BEGIN
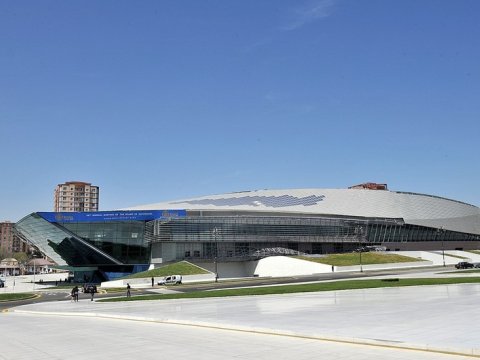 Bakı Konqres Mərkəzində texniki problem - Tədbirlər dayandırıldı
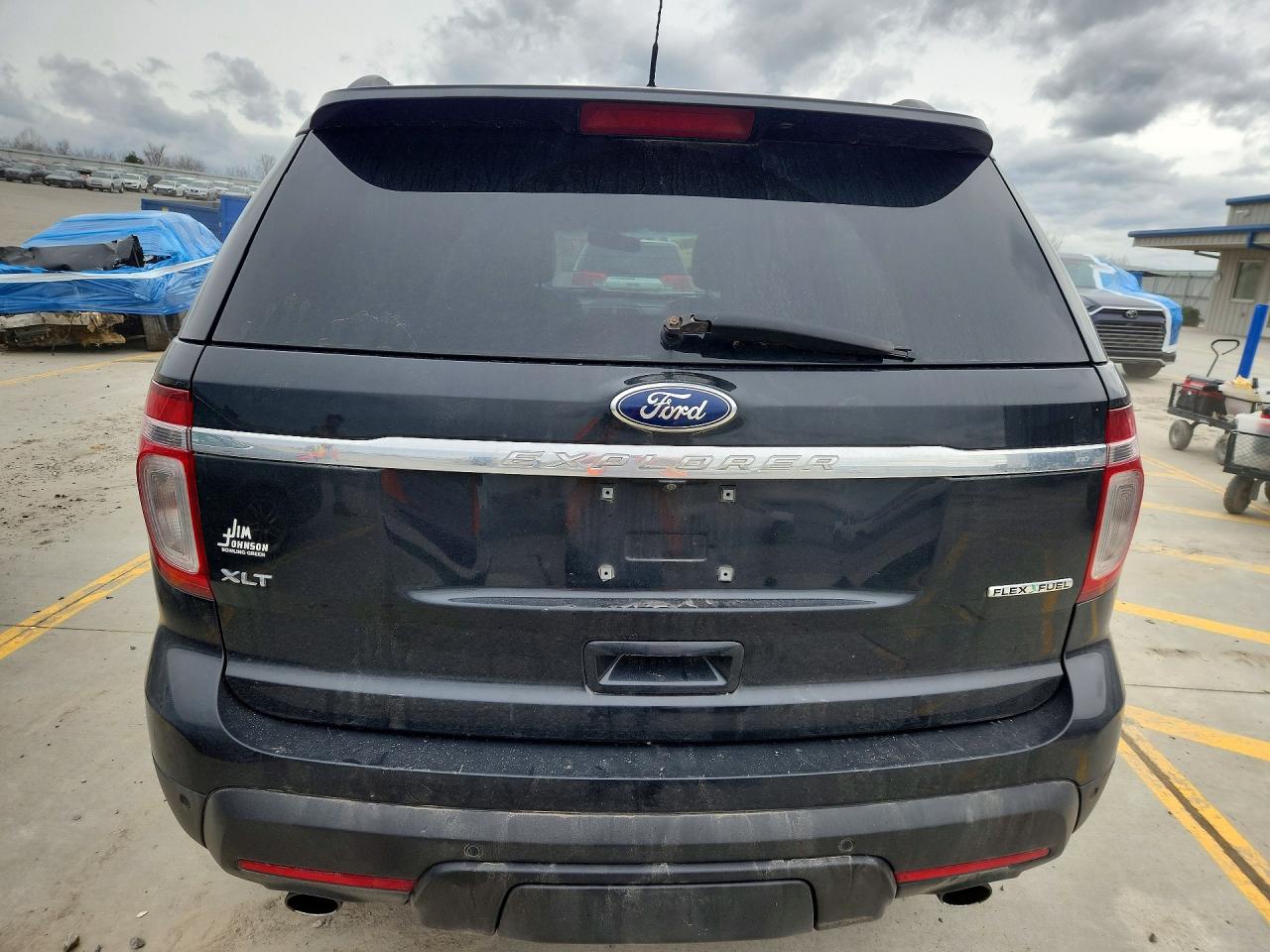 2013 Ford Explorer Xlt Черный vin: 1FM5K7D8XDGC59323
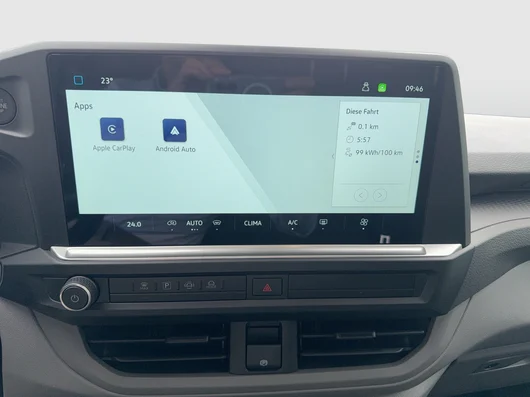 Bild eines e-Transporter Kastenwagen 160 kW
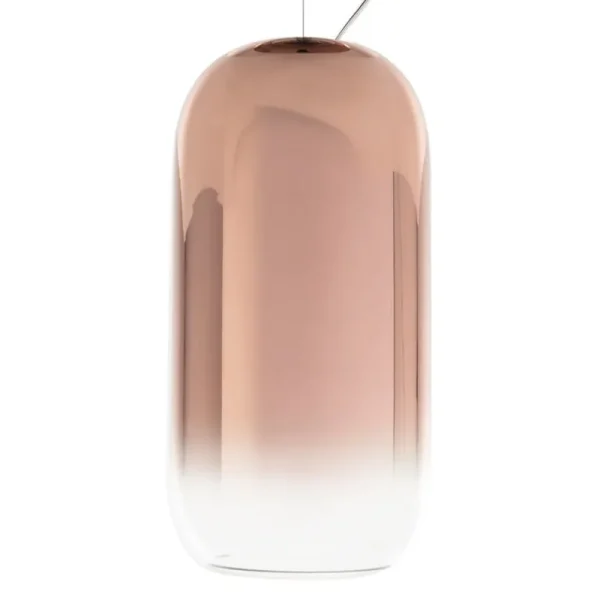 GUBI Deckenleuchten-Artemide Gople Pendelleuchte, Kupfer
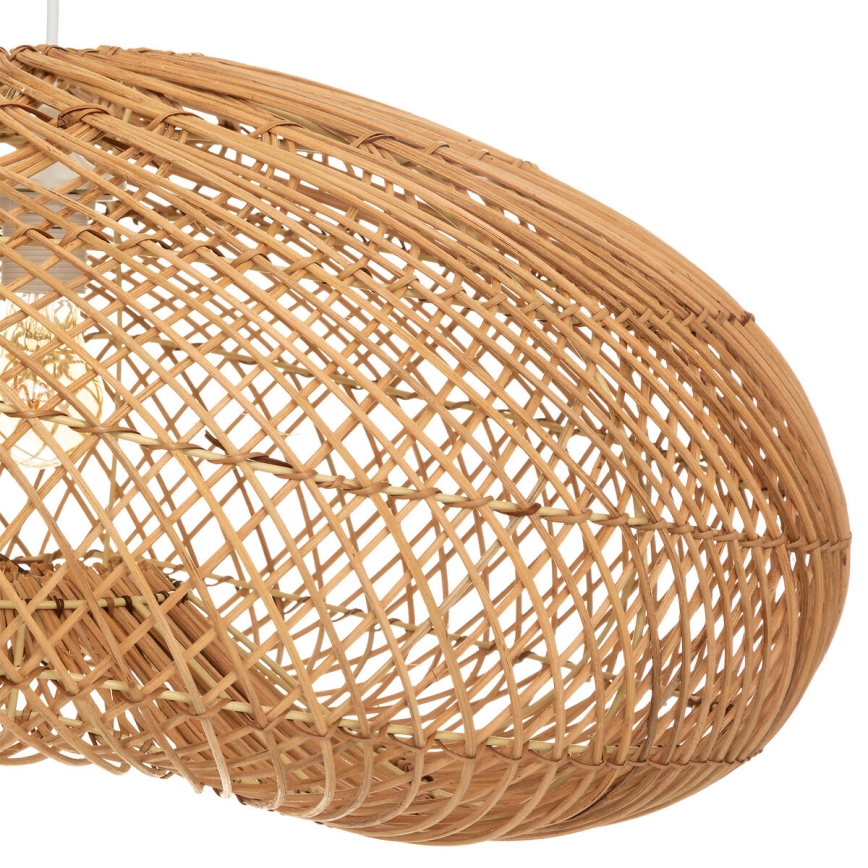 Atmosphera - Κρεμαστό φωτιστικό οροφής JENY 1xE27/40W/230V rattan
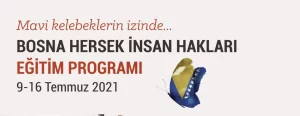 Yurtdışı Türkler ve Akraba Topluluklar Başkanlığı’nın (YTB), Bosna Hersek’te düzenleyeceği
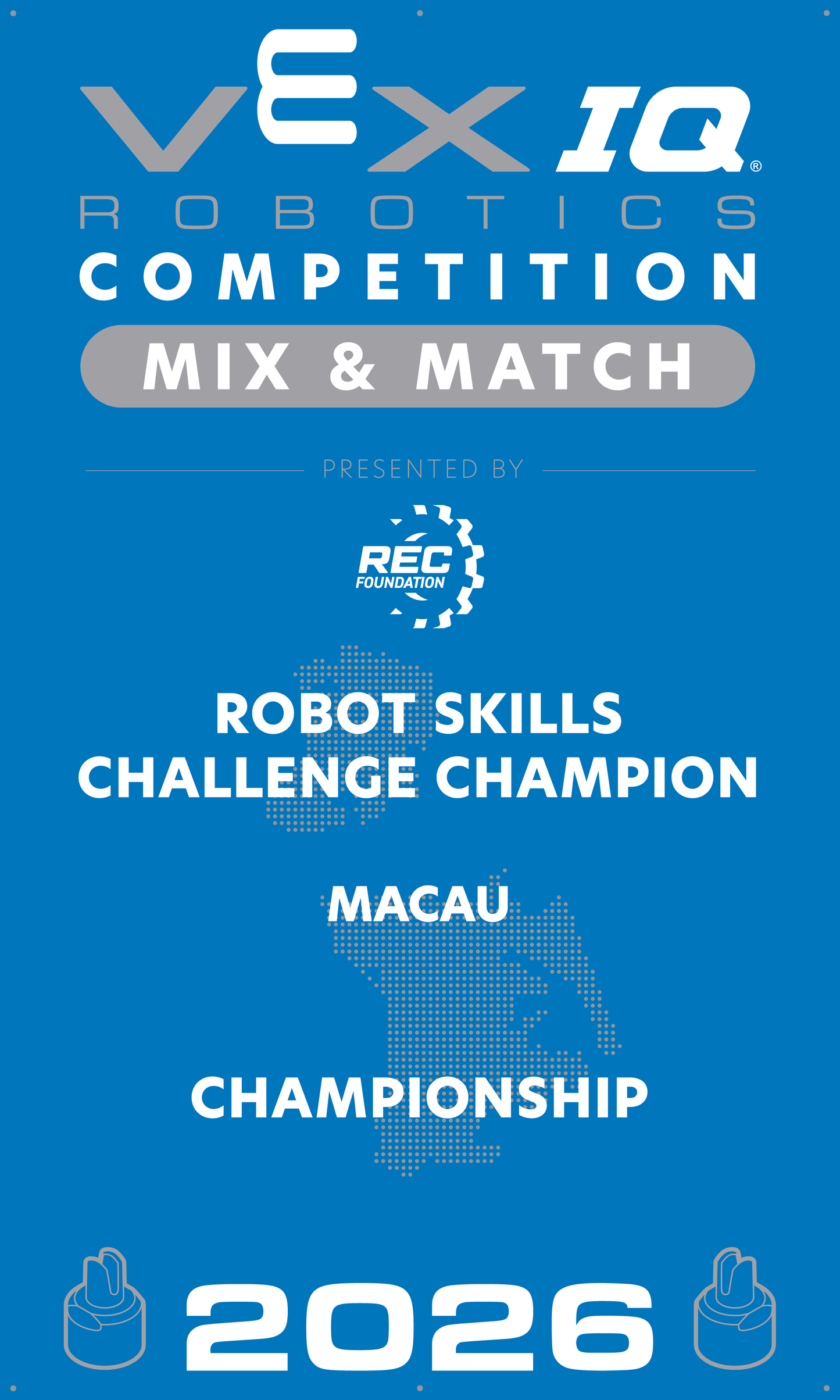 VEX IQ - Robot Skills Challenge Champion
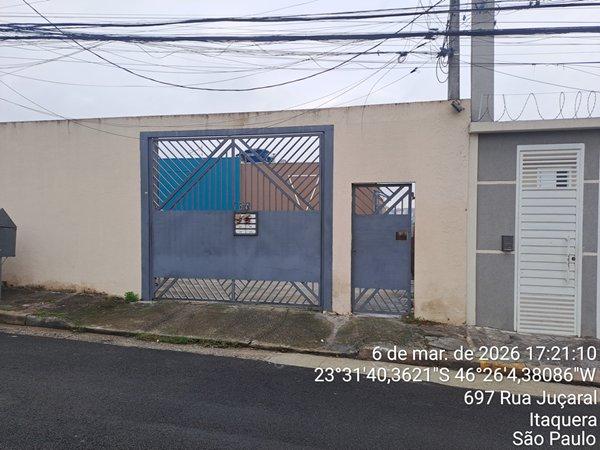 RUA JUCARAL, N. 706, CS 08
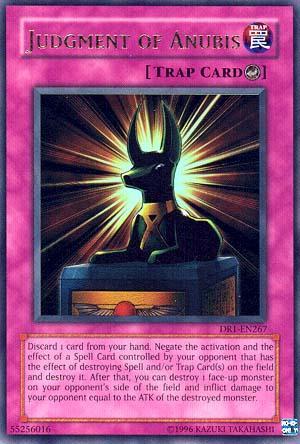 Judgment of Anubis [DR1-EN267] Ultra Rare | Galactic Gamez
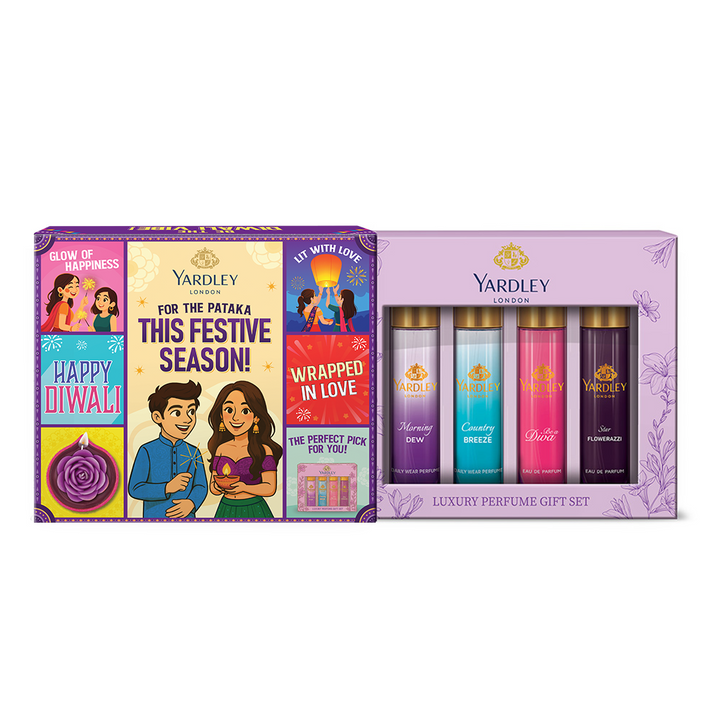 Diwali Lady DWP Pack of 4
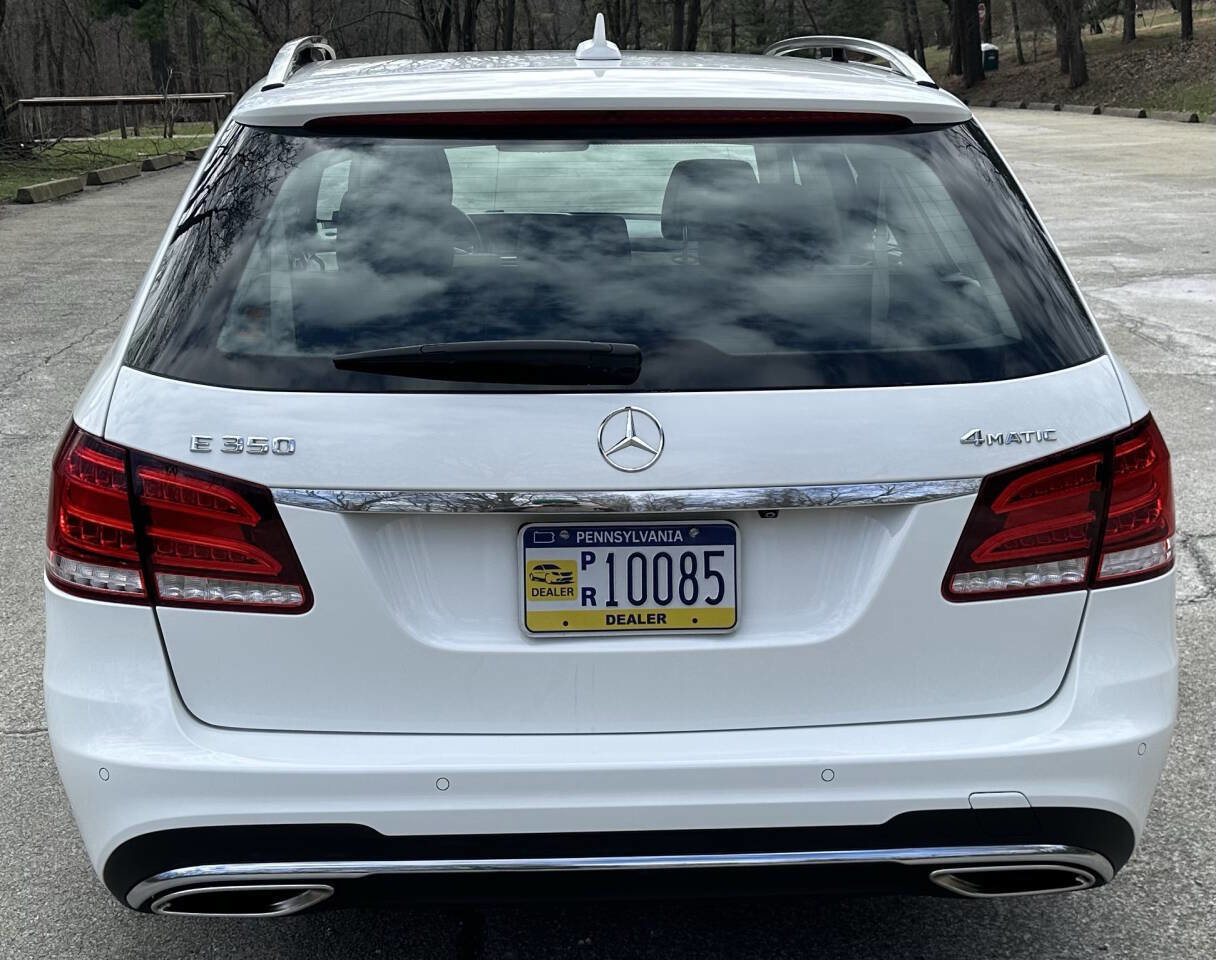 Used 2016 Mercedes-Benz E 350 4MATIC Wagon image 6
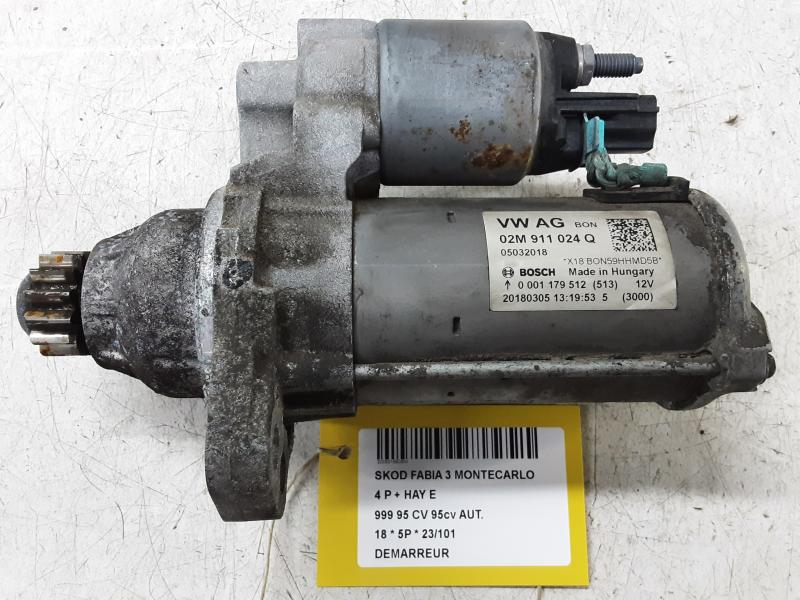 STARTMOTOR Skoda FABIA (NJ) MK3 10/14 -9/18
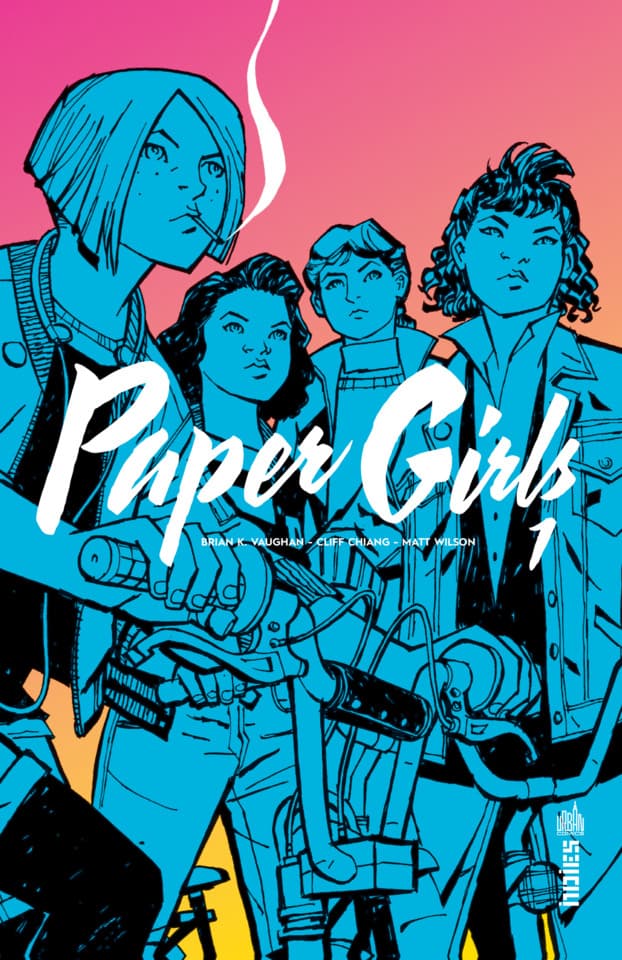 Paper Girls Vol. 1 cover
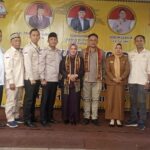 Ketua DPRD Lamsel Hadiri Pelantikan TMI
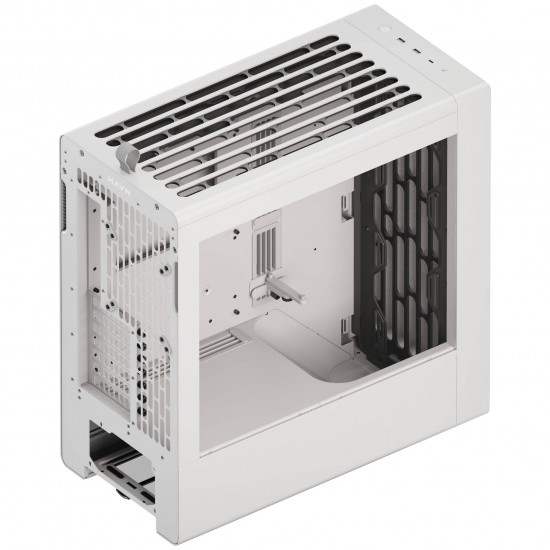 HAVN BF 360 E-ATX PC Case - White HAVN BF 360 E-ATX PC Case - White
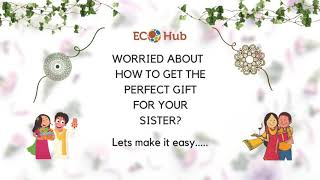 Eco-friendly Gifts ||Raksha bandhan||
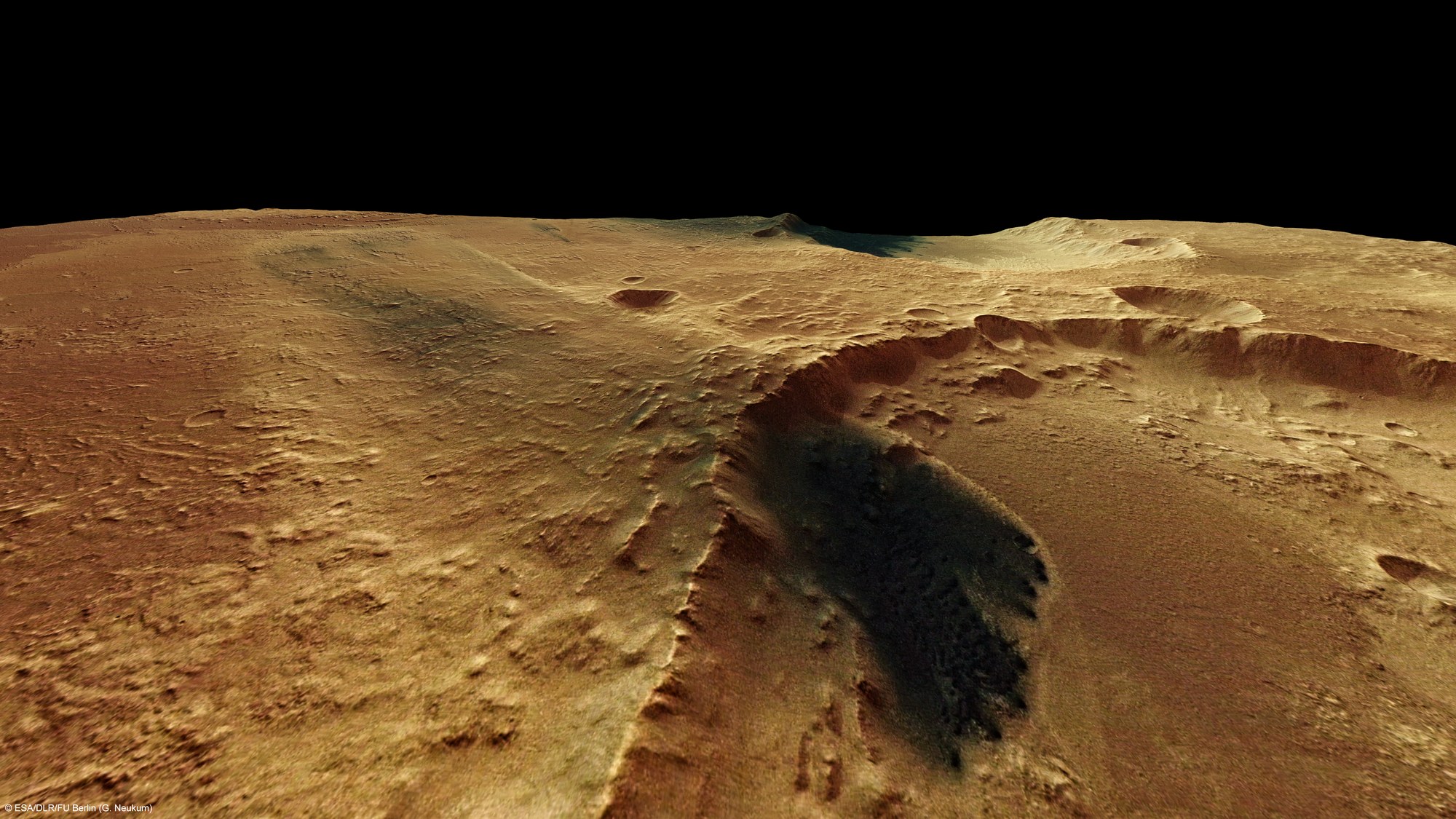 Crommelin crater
END
▸ **EXERCISE DESCRIPTION**: Reproduce the opening lines of the material above exactly, ending with the line that contains "Judgment of Anubis". Omit every picture.

▸ **TASK ANSWER**:
 Bakı Konqres Mərkəzində texniki problem - Tədbirlər dayandırıldı
 2013 Ford Explorer Xlt Черный vin: 1FM5K7D8XDGC59323
 Bild eines e-Transporter Kastenwagen 160 kW
 GUBI Deckenleuchten-Artemide Gople Pendelleuchte, Kupfer
 Atmosphera - Κρεμαστό φωτιστικό οροφής JENY 1xE27/40W/230V rattan
 Yurtdışı Türkler ve Akraba Topluluklar Başkanlığı’nın (YTB), Bosna Hersek’te düzenleyeceği
 VEX IQ - Robot Skills Challenge Champion
 RUA JUCARAL, N. 706, CS 08
 Judgment of Anubis [DR1-EN267] Ultra Rare | Galactic Gamez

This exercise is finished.